Honorable Corps of Gentleman-at-Arms Late 4th Bengal Native Infantry and 3rd Sikh Irregular Cavalry
A rare carte de visite photo of Frederick Robertson Aikman in the unique uniform of an officer of the 3rd Sikh Irregular Cavalry wearing the medals for the Sutlej campaign of 1845, Punjab campaign of 1848-49, the Indian Mutiny of 1867-58 with two clasp and the Victoria Cross. The photographer is shown on the reverse as The London Stereoscopic & Photographic Company of Regent Street, London.

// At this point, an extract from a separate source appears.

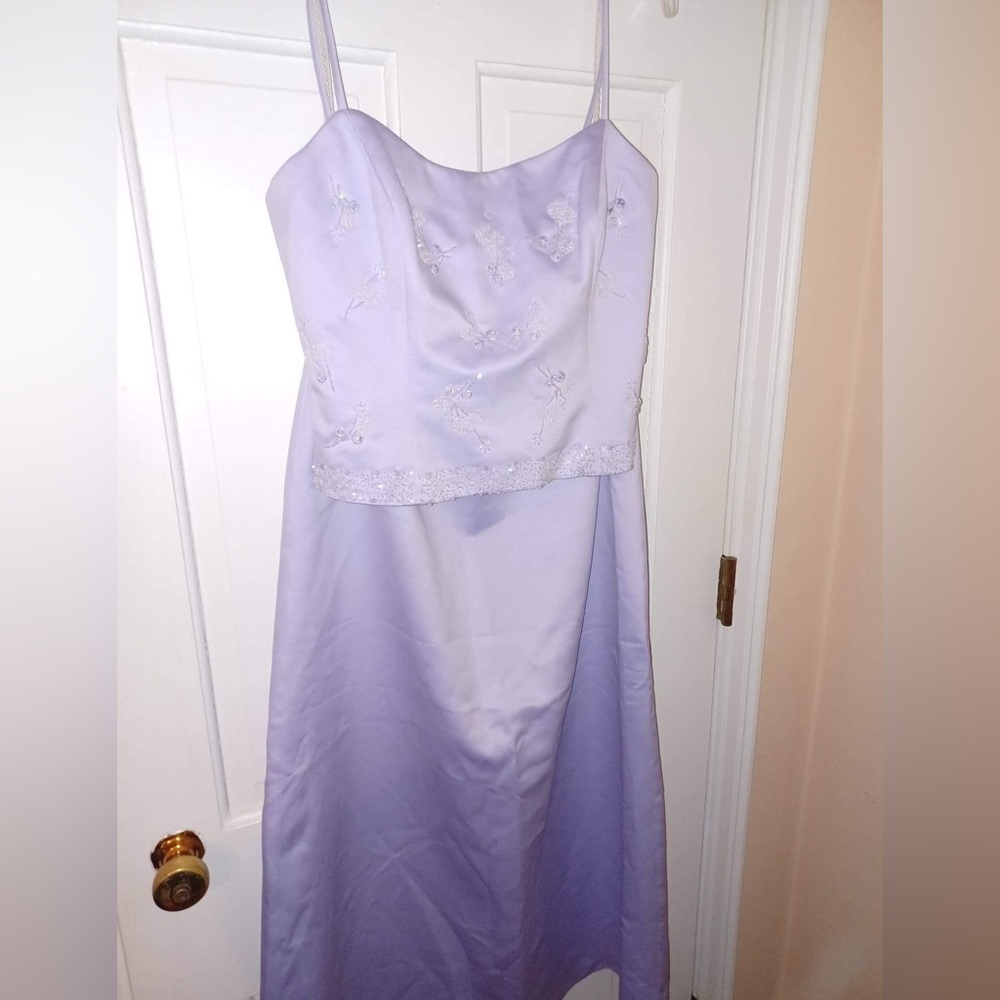 Lilac 3 piece Prom - Bridesmaid Dress Size 10P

The photo is identified on the reverse with what appears to be an original signature with the notation “3rd Sikh Cavalry”.
Frederick Robertson Aikman was born in Ross, Broomelton, Lanarkshire on 6 February 1828. He entered the service of the Honorable East India Company when he was commissioned as an Ensign in the 4th Bengal Native Infantry on 18 January 1845. He was present with his Regiment throughout the Sutlej campaign in 1845 and at the battle of Sobaron (medal). He was promoted Lieutenant on 7 July 1848. He next saw action with his Regiment in the Punjab campaign of 1848 and 1849 with General Wheeler’s Field Force (medal). He served with the 4th BNI in the Indian Mutiny in the siege and capture of Delhi, the action of Bolundshur and the siege of Lucknow (medal and two clasps) and was appointed to do duty with the 3rd Sikh Irregular Cavalry.

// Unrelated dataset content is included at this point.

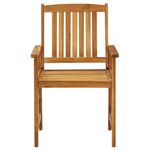 vidaXL Chaises de jardin lot de 4 Bois d'acacia solide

The Times, in his obituary states: “While commanding the 3rd Sikh Cavalry on the advanced picket, with 100 of his men, having obtained information just as the force marched on the morning of March 1, 1858, of the proximity, three miles off the high road, of a body of 500 rebel infantry, and 200 horse, and two guns, under Moosahib Ali Chuckbdar, he attacked and utterly routed them, cutting up more than 100 of men, capturing the two guns and driving the survivors into and over the River Goomtee. This feat was performed under every disadvantage of broken ground and partly under flanking fire from an adjoining fort. On this occasion he received a severe saber wound in the face in a personal encounter with several of the enemy.” For this action, Lieutenant Aikman was recommended for, and awarded, the Victoria Cross (London Gazette 3 September 1858). He was also promoted Captain on 26 April 1858. His Victoria Cross was personally presented to him by the Queen at Buckingham Palace on June 8th of 1859. However, after 18 years service in the Indian Army, Captain Aikman was forced to retire on half-pay as a result of his wound.

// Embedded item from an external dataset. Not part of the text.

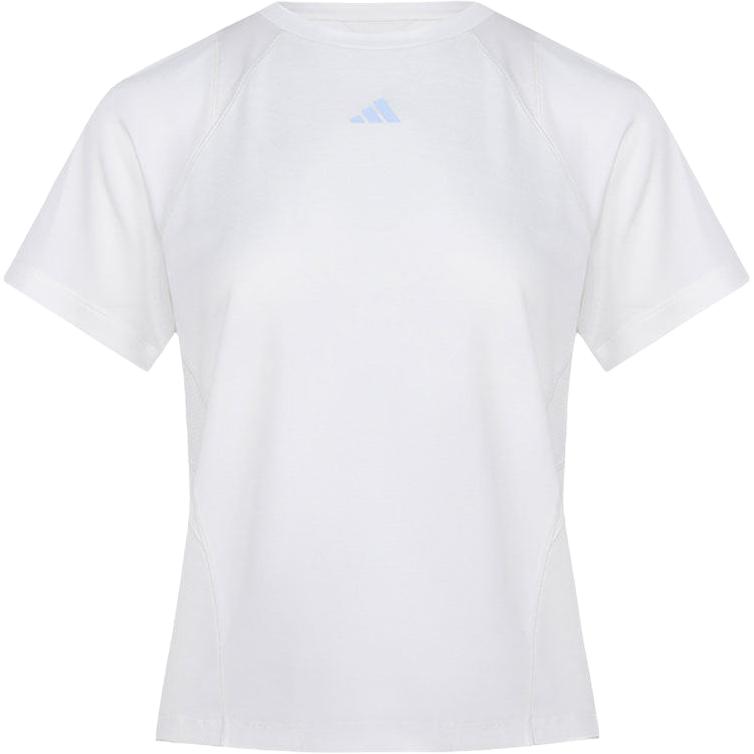 Adidas Sport Casual Striped Short Sleeve T-Shirt Women Tops IA6099 S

The Queen appointed Captain Aikman a member of The Honorable Corps of Gentleman-at-Arms, the Queen’s official bodyguard, on 16 May 1865. In addition, he was appointed Honorary Major, Honorary Lieutenant Colonel and ultimately Honorary Colonel, in the 4th Battalion Middlesex Regiment (Royal Middlesex Militia).
Colonel Frederick Robertson Aikman, VC, died suddenly on 5 October 1888 during the County Ball at Hamilton, Lanarkshire. He is buried in Kensal Green Cemetery in London. His Victoria Cross is still in private hands and is not on public display.